Hoy, cuando el poeta cumple cien años de muerto, tras quitarle a Silva la
aureola, dejándolo desnudo en lo que fue: un poeta sin par, un intelectual
espléndidamente dotado y, englobándolo todo, el primer escritor
moderno de su país, un biógrafo lo propone aquí, ante ustedes, como
alguien que tenemos que hacer nacer de nuevo, con la sospecha de que,
ahora sí, ese nacimiento será un co-nacimiento. Porque, por otro lado,
hacer nacer de nuevo a sus predecesores es un derecho inalienable que
hoy deberían saber reivindicar quienes, al mirar hacia atrás, ven en el
pasado la simiente del futuro; lo anunció Eliot, al constatar que cada
generación relee el pasado e inventa sus predecesores, lo dijo Borges,
cuando apuntó que son los nuevos escritores los que influyen sobre sus
maestros, y casi que lo intuyó Martí en el Ismaelillo, cuando señaló: «hijo
soy de mi hijo, él me rehace».
1
Erich Auerbach, Lenguaje literario y público en la Baja Latinidad y en la Edad
media, Seix Barral, 1966, pp. 23-24.
2
Ricardo Cano Gaviria, José Asunción Silva, una vida en clave de sombra, Monte
Ávila, 1990.
3
José Asunción Silva, Obra Completa, Héctor Orjuela coordinador, colección
Archivos, 1996, p. 73.
4
Nombre con el que ya en el siglo pasado se conocían distintos bebedizos,
especialmente de carácter estomacal, como las gotas amargas de Baumé, que se
administraban «contra los cólicos ventosos y ciertas dispepsias», como bien nos informa
el Diccionario Enciclopédico Hispanoamericano editado por Montaner y Simón.
5
José Asunción Silva, op. cit., p. 75.
6
François Coppée, Poésies, 1874-1878, Librairie Alphonse Lemerre, Paris, p. 152.
7
Como es sabido, a la hora de definir una estética de la modernidad, Baudelaire,
siguiendo la lógica de su posicionamiento a favor de lo insólito y lo bizarro, reaccionó
contra el progreso y el naturalismo positivista que, en la época, era su mejor síntesis
estética. Por este camino, la reducción positivista del arte a lo natural llevó al poeta a
pronunciarse también contra la Naturaleza y a defender el «artificio» y el «paraíso
artificial».
8
La metáfora del «Continente» sirve para poner en evidencia que se puede ser
Baudeleriano por convicción o por impregnación, o bien por ambas cosas a la vez, como
en el caso de Silva, que ha recibido por distintas vías la influencia del autor de Las Flores
del Mal.
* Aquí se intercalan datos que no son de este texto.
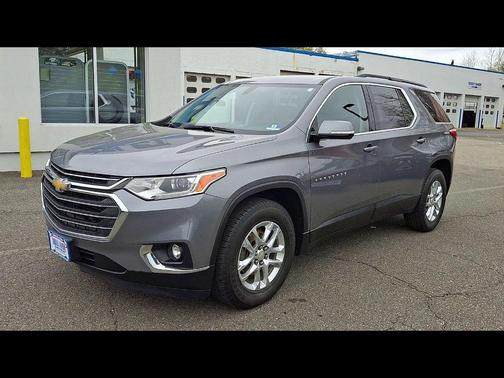 Satin Steel Metallic 2019 Chevrolet Traverse LT Cloth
El problema con él es que, aparte de tener un instinto especial para situarse en
medio de corrientes contradictorias, por su independencia y autodidactismo está más
avocado a recibir las influencias por impregnación, lo cual no facilita las cosas a los
investigadores que actúan como si un autor leído fuera un autor citado. Para saber hasta
qué punto este criterio puede causar estragos téngase en cuenta el caso de Barrés, autor
predilecto de Silva, y gran lector el mismo de Baudelaire, que en sus borradores eliminó
de sus libros casi todas las citas del autor de Las Flores del mal.
9
José Asunción Silva, op. cit., p. 356.
10
«Perte d'aureole», en Le Spleen de París, Oeuvres Completes, t. I, Pléiade, p. 352.